Nel febbraio del
2010 sto camminando per le vie di Asmara, la capitale
dell’Eritrea. Ogni cosa qui testimonia
il passaggio degli italiani e nonostante i bui anni della guerra
civile, Asmara è splendida al punto da sembrare una città del
nostro sud Italia. Il clima è mite tutto l’anno, i viali sono
contornati dalle palme, vi sono moltissimi edifici in stile
coloniale ed ovunque scritte in italiano. Qui convivono
pacificamente cristiani e musulmani: vi è una prestigiosa
moschea ed una cattedrale cattolica meravigliosa, una chiesa
ortodossa ed una sinagoga... Al mercato centrale dominano i
colori sgargianti della frutta fresca e delle spezie, mentre al
mercato del riciclaggio gli operai riescono a ricavare da
materiali di scarto cose impensabili. Il mio viaggio prosegue
alla volta di Massaua con il treno a vapore. Subito dopo la
partenza dalla stazione di Asmara, posta a più di 2300 metri di
altitudine, il treno scende verso il bassopiano. La vista sulla
vallata è mozzafiato e spesso, all’uscita dalle gallerie,
guardando dal finestrino sembra di volare. Nei paesi
attraversati dalla ferrovia veniamo avvolti da gruppi di bimbi
incuriositi dal passaggio della macchina sbuffante. Le attività
dei villaggi sono principalmente agricoltura e pastorizia. A
Ghinda mi sono addentrato da solo in un variopinto mercato, dove
i rumori e gli odori ricordano l’Africa più autentica ed io,
unico bianco in tutto il mercato, mi sono sentito un poco a casa
quando un gruppo di ragazzini e bimbi mi ha circondato iniziando
a giocare con me come un fratello maggiore…purtroppo la cosa mi
ha coinvolto al punto che mi sono anche dimenticato di
fotografare…Prima di giungere a Massaua si attraversa un arido
bassopiano percorso solo da carovane di dromedari. Massaua è la
principale città portuale dell’Eritrea e trampolino per la
visita delle splendide isole Dahlak.

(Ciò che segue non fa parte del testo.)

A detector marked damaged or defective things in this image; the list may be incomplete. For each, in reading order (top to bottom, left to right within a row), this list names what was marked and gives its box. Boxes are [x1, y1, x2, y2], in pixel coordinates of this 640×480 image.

La città vecchia è posta su
un un’isola collegata alla terra ferma da un terrapieno ed ha un
fascino particolare con la superba moschea posta al suo centro.
Purtroppo le cicatrici dei bombardamenti dovuti alla guerra con
l’Etiopia sono ancora evidenti. Ora devo affrontare il viaggio
di ritorno portando con me in Italia il famoso mal d’Africa.